Drawn Out: A Seriously Funny Memoir
Tom Scott
Published by Allen and Unwin
An hilarious, heart-breaking and heart-warming book in which Tom Scott recounts his life with blistering wit. We are introduced to the people,
places and events that have had an impact on his life, seen through a shrewd, acerbic and sometimes scathingly funny lens. Each chapter leaps about, but ultimately follows a logical progression as we come
to know how the man, the journalist, the cartoonist and the writer has been formed by his uniquely New Zealand background.
Judges: Ella Henry, Philip King and Toby Manhire
Driving to Treblinka: A Long Search for a Lost Father
Diana Wichtel Published by Awa Press
Powerful, poignant, and not infrequently profound, Driving to Treblinka sets out in pursuit of the truth about the life and death of the author’s father.
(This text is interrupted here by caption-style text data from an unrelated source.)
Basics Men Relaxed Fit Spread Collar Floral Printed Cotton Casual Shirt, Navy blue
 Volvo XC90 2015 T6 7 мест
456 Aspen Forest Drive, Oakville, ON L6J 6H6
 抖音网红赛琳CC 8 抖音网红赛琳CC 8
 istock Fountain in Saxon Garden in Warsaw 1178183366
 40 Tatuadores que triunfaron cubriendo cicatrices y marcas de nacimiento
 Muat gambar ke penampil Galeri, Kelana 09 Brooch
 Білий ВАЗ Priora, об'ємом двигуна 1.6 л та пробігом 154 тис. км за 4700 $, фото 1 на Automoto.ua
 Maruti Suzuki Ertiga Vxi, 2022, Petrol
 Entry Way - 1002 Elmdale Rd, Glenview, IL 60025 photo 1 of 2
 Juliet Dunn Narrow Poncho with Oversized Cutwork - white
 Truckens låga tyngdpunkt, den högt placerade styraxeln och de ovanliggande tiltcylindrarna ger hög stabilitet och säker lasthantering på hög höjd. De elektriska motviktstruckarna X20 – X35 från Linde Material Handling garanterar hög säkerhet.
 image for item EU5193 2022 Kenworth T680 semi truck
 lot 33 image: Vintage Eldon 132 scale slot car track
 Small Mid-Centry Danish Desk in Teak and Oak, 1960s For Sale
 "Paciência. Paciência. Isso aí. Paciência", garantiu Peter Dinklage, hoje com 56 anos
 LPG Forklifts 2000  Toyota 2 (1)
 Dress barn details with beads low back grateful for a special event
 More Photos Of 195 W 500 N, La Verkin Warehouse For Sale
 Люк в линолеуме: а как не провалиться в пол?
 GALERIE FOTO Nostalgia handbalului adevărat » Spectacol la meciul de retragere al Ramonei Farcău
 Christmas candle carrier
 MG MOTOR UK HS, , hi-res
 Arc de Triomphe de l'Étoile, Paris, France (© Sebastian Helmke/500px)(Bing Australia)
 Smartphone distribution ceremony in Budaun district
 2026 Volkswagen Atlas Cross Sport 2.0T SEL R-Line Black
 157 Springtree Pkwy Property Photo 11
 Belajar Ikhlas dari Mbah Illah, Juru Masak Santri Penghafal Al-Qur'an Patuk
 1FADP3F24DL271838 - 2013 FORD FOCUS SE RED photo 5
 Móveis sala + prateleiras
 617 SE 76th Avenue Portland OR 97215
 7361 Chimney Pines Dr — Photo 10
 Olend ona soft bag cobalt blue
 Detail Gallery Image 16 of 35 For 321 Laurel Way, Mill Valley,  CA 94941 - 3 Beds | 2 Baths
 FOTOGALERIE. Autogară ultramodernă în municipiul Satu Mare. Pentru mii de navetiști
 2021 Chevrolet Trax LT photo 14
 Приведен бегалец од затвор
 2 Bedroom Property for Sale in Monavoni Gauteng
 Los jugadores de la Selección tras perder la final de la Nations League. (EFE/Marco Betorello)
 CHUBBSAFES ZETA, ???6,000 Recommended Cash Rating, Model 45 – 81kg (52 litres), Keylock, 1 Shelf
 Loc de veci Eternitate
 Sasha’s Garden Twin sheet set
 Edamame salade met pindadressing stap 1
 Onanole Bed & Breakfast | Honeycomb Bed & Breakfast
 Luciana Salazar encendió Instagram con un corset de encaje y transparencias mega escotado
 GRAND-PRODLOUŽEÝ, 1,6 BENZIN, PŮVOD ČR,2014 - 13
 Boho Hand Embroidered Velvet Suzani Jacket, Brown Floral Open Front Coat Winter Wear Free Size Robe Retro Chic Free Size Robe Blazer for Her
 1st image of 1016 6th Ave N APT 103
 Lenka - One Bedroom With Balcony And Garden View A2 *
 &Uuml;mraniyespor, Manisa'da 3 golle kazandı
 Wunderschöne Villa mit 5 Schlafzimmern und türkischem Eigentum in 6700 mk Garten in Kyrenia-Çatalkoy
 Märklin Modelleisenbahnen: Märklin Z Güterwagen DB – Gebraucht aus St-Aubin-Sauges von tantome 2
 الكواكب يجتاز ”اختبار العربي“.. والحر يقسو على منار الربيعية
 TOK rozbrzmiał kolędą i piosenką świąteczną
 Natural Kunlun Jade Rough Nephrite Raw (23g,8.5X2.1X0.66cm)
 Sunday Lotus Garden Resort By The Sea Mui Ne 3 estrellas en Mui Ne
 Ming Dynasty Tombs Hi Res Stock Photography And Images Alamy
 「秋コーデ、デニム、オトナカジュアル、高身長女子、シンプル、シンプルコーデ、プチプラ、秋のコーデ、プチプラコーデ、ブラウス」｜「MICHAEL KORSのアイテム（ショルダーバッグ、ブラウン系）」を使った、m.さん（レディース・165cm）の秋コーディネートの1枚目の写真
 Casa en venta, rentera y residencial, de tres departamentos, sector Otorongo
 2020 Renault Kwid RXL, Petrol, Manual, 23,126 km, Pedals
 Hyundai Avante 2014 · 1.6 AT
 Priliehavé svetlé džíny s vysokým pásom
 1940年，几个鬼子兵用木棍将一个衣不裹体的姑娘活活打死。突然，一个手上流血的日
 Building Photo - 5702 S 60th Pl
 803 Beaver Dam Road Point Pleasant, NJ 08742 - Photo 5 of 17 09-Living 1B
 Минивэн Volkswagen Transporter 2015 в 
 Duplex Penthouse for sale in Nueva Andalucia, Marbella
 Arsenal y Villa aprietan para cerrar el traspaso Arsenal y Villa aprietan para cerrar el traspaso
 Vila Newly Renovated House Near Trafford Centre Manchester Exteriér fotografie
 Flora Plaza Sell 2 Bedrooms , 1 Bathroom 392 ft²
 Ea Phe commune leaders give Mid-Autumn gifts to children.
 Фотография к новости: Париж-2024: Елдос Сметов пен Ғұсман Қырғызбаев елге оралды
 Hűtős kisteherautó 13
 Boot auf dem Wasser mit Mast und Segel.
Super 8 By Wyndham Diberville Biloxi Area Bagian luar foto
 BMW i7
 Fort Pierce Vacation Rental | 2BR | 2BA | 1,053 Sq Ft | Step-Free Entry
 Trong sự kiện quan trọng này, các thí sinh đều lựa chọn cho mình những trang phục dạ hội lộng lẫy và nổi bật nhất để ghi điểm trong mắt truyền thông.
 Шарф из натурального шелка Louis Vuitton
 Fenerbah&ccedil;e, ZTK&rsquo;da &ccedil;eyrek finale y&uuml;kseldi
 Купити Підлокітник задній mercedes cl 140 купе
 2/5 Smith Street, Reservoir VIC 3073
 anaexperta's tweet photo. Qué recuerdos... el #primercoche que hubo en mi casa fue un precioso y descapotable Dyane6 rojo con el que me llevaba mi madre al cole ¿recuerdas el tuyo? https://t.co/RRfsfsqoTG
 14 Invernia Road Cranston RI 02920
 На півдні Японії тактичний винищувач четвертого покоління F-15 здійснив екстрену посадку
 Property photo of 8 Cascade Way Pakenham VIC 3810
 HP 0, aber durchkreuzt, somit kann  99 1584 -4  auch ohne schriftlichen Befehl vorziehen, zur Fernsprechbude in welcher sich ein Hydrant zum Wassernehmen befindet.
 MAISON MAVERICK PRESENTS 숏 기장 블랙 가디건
Diana Wichtel traces his story back to Poland, and
from the Jewish ghetto and
a miraculous escape from execution at the Nazi death camp in Treblinka to a new
life in Canada and another heart-wrenching separation from family. As uplifting as it is upsetting, Driving to Treblinka delivers an engrossing account of a life, and the indelible legacy of the Holocaust through the generations.
Tears of Rangi: Experiments Across Worlds
Anne Salmond
Published by Auckland University Press
This is Anne Salmond’s most ambitious book to date. This is New Zealand, a place where multiple worlds engage and collide. Beginning with an examination of the early period of
encounters between Māori and European, 1769-1840, Salmond proceeds to investigate clashes and exchanges in key areas
of contemporary life— waterways, land, the sea and people—and points to new ways of understanding interactions between people and the natural world.